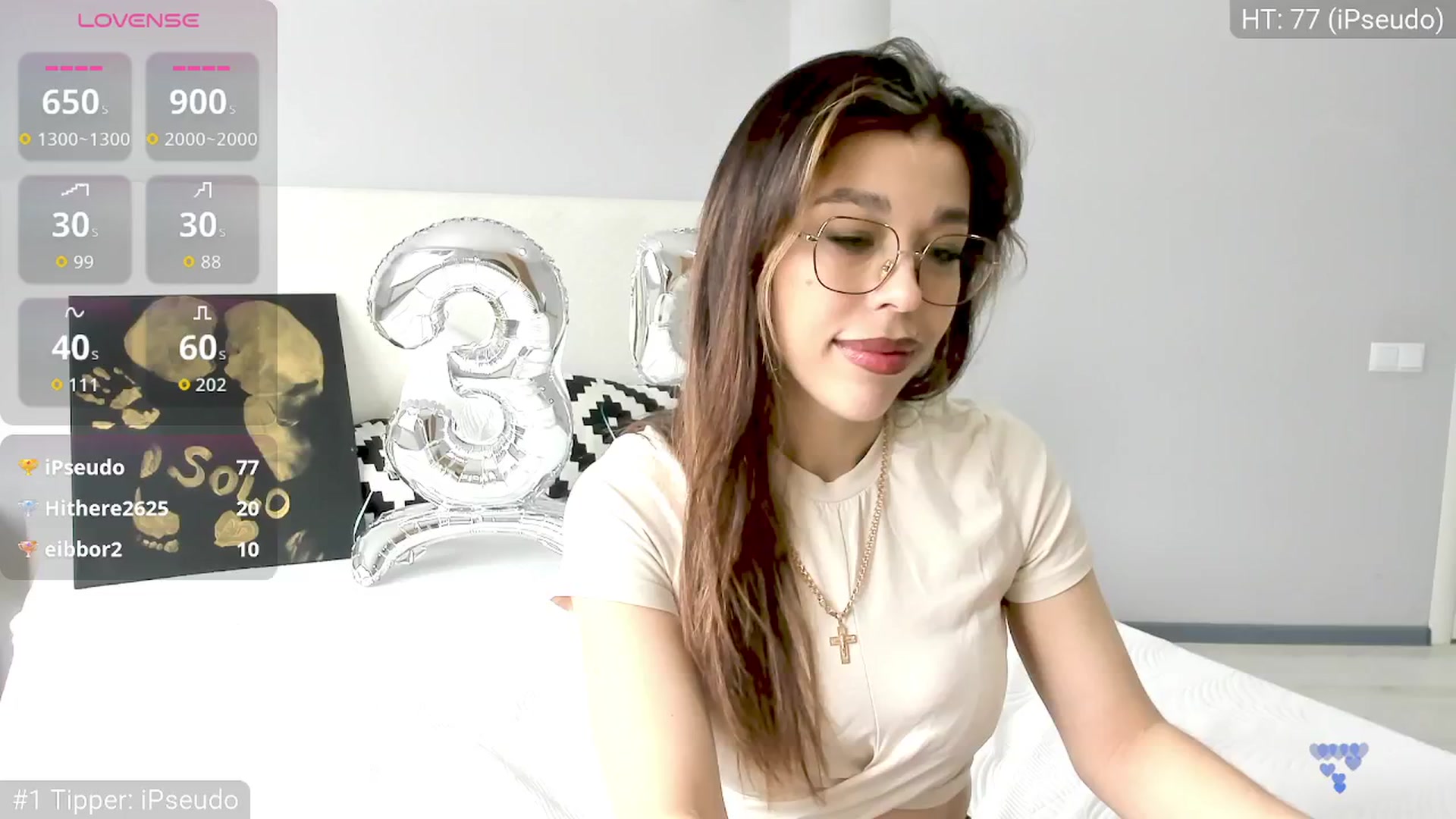 Gallery image thumbnail from Yoursoul_Mila's myfreecams stream on, 03/06/2026, 13:20 image 3 of 20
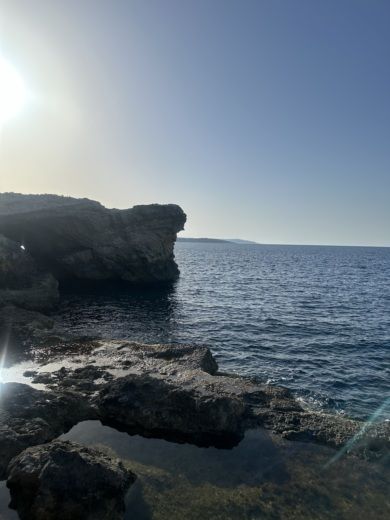 Buġibba Motorboat Buccaneer 22 alt tag text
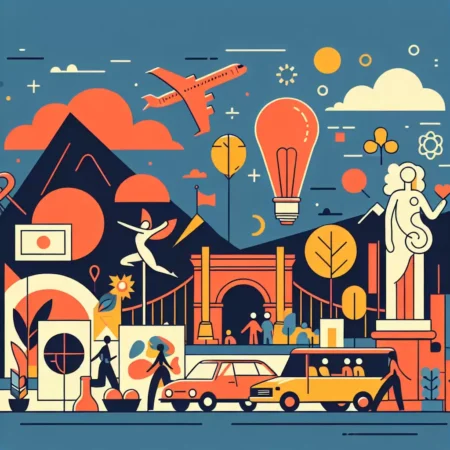 Dari Seniman Lokal Hingga Internasional: Festival Seni Kontemporer yang Menggugah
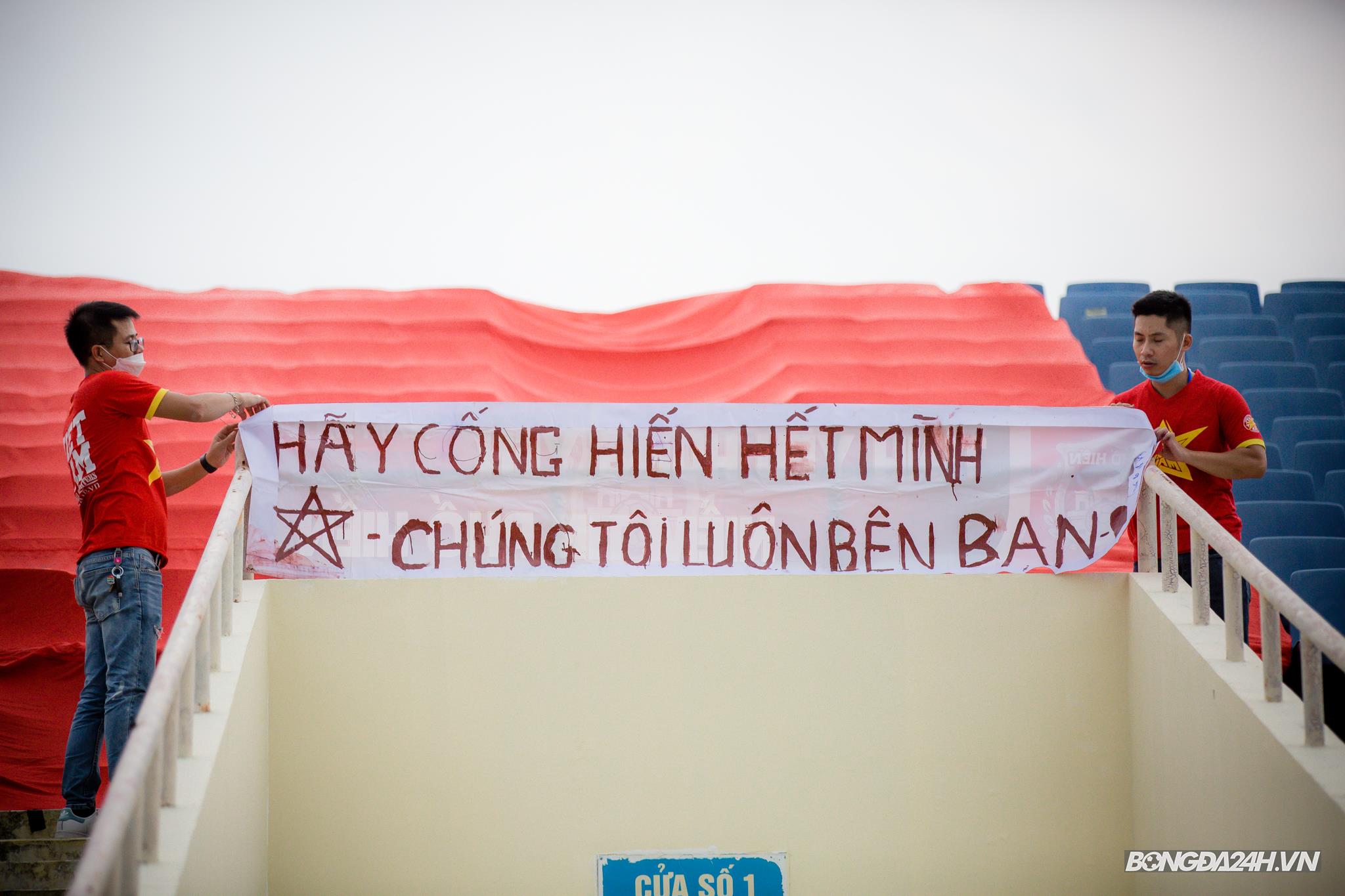 CĐV Việt Nam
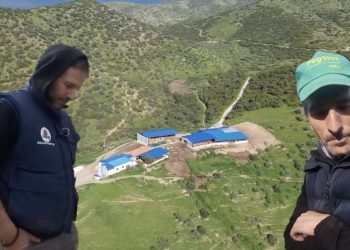 Λάρισα: Τα αδέρφια με τη δική τους φάρμα – Η ζωή τους είναι δεμένη με το χώμα, το χορτάρι και τον ιδρώτα (ΒΙΝΤΕΟ)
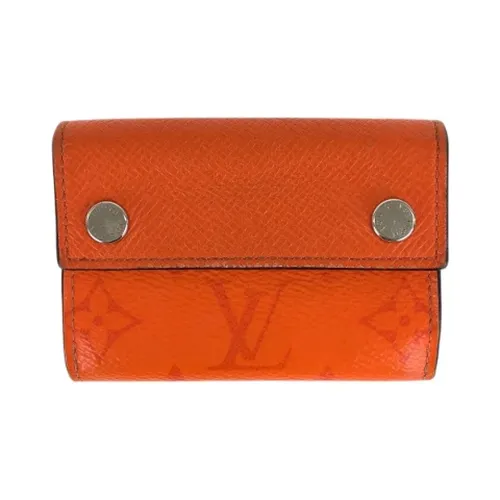 Pre-owned > Pre-owned Accessories > Pre-owned Wallets - - Louis Vuitton Vintage - Modalova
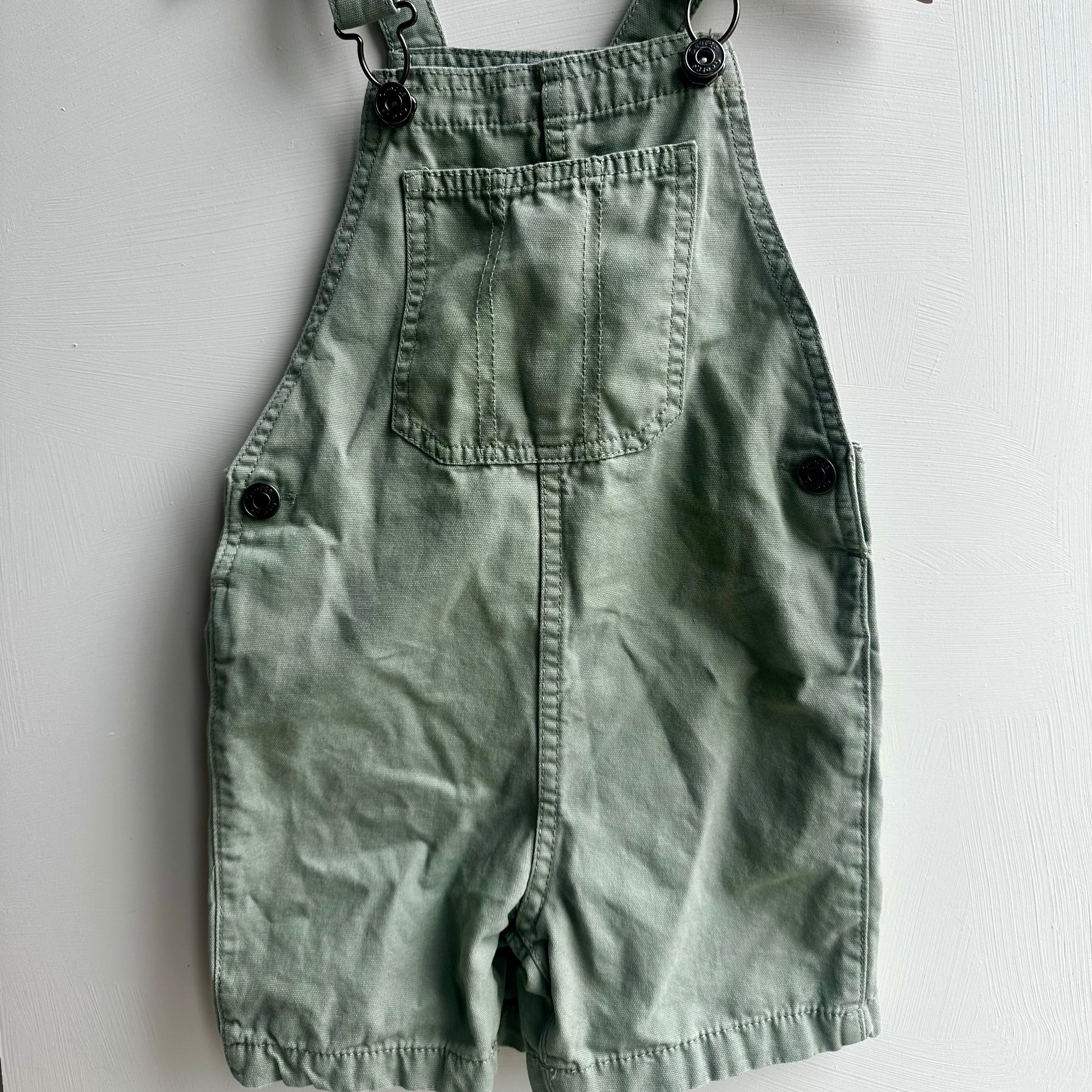 Salopette courte George 4 ans | Seconde main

**Description of the task**
Exactly repeat only the lines from the one with "Buġibba Motorboat Buccaneer 22 alt tag text" to the closing line above, both included, and omit every picture.

**Result below**
 Buġibba Motorboat Buccaneer 22 alt tag text
 Dari Seniman Lokal Hingga Internasional: Festival Seni Kontemporer yang Menggugah
 CĐV Việt Nam
 Λάρισα: Τα αδέρφια με τη δική τους φάρμα – Η ζωή τους είναι δεμένη με το χώμα, το χορτάρι και τον ιδρώτα (ΒΙΝΤΕΟ)
 Pre-owned > Pre-owned Accessories > Pre-owned Wallets - - Louis Vuitton Vintage - Modalova
 Salopette courte George 4 ans | Seconde main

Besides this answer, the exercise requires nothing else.